There are some people who have problems even stopping their plants from growing skew; understandably then, raising a child can be one of the most difficult things you’ll ever have to do. Battle Hymn of the Tiger Mother details the story of a mother raising two daughters and two dogs, and while it’s supposed to be about how Chinese parents are better at parenting, it ends up detailing a clash of cultures, a fleeting taste of glory and how the author was humbled by a thirteen-year old.
Whether you’re raising your own army of mini-me’s, you’re
looking for a new perspective or you want to find out what banning children
from sleepovers and school-plays will do for the grade average, this unique
memoir will change your ideas of parenting forever. Of course, Amy Chua did
more than prohibit sleepovers and the memoir is better than any self-help book
because Amy has actually been there. She details what it’s like inside the
average family and shows what Chinese parents do to produce so many math
geniuses and piano prodigies – of course, she’s also the kind of mother who
throws a three year-old out into the cold because You can’t stay in the house if you don’t listen to Mommy, complains
that the family rabbits aren’t intelligent enough and turns piano lessons into
gauntlets so gruelling that one girl leaves teeth-marks on the piano.

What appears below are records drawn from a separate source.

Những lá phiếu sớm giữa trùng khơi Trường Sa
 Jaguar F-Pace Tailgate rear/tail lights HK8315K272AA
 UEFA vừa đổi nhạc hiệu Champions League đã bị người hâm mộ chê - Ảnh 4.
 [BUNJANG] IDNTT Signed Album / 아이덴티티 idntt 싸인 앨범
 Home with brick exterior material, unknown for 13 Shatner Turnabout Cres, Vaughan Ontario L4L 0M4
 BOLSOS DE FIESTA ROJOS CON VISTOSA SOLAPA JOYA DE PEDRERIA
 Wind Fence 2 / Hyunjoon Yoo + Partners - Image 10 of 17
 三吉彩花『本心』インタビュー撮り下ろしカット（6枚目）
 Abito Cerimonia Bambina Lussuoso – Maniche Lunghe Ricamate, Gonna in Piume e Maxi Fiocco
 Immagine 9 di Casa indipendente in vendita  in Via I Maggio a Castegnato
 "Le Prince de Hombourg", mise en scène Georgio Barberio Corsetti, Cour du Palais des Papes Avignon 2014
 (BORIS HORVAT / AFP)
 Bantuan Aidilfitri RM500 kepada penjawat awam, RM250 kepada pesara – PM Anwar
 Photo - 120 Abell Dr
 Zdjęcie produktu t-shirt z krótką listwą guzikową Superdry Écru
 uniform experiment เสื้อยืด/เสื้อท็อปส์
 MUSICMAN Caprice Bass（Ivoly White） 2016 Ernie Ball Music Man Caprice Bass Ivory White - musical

In Battle Hymn of the Tiger Mother, Amy relates the experience of raising children the Chinese way, the art of obsessive-parenting and one narcissist’s quest for happiness. A best-seller with books translated into eight languages, Amy Chua provides a book bound to cause debate, with enough perspective on parenting to be helpful and diabolically well-written enough to be a hilarious and eye-opening read for everyone.